Exercise input
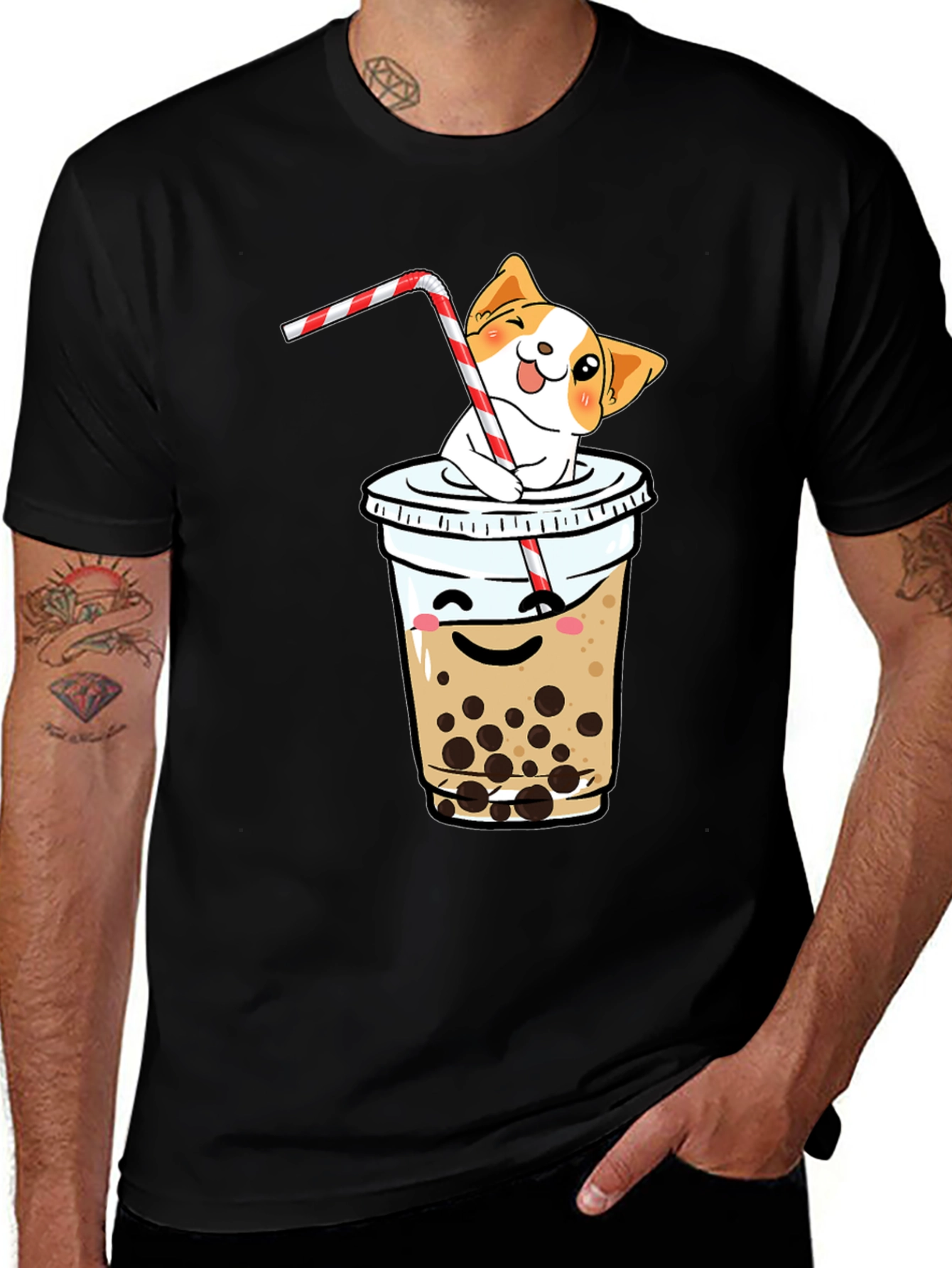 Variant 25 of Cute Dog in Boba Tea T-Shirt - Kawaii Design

...

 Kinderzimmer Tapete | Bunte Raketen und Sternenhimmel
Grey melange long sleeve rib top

Task prompt
Given the records above, return exactly the lines starting at the line containing "Kinderzimmer Tapete |" and ending at the line containing "Grey melange long sleeve rib top", including both.

Response for this exercise
 Kinderzimmer Tapete | Bunte Raketen und Sternenhimmel
Grey melange long sleeve rib top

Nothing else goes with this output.